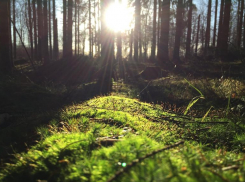 Резкий перепад погоды произойдет в Волгоградской области в понедельник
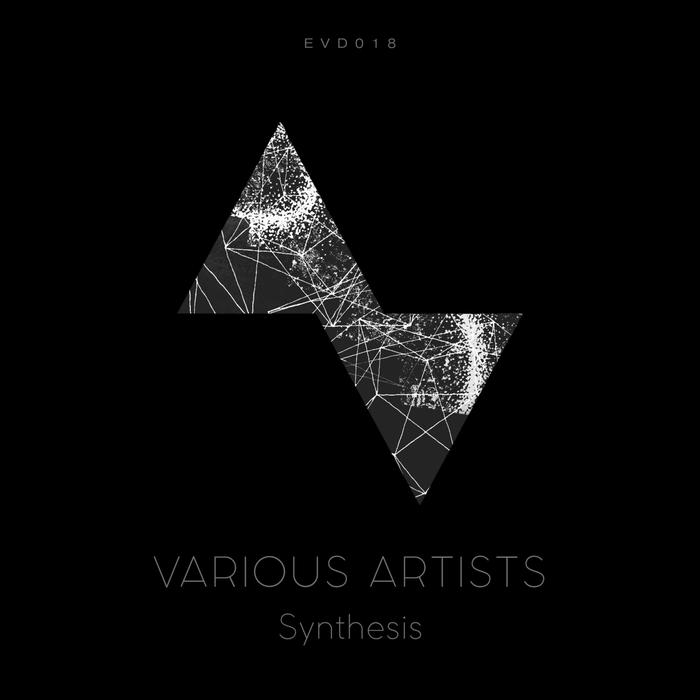 VARIOUS - Synthesis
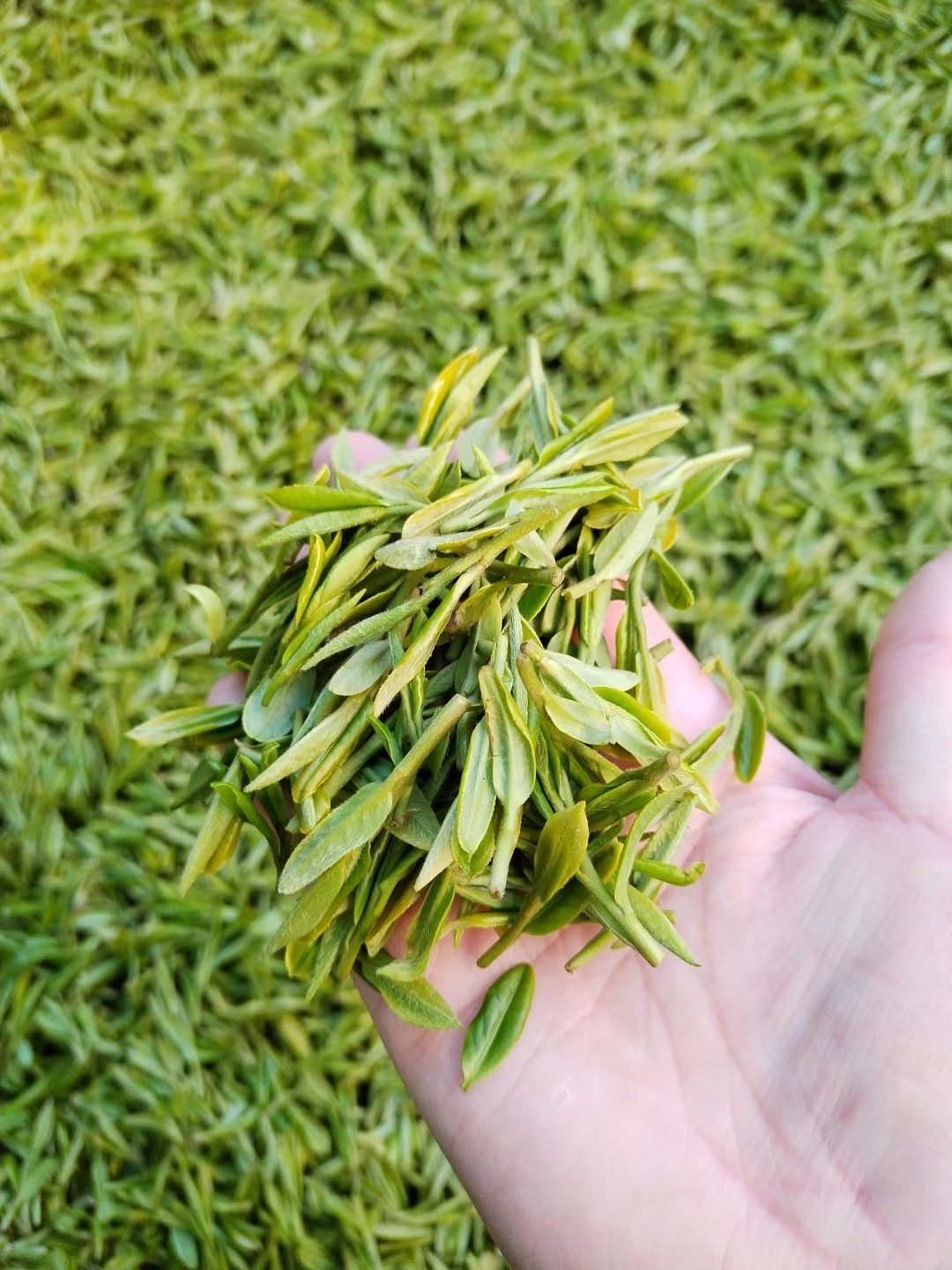 狮峰龙井茶自产自销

■ ■ ■ ■ ■ ■ ■

*Assigned task*:
Return the material word for word, images omitted.

*Task result*:
 Резкий перепад погоды произойдет в Волгоградской области в понедельник
 VARIOUS - Synthesis
 狮峰龙井茶自产自销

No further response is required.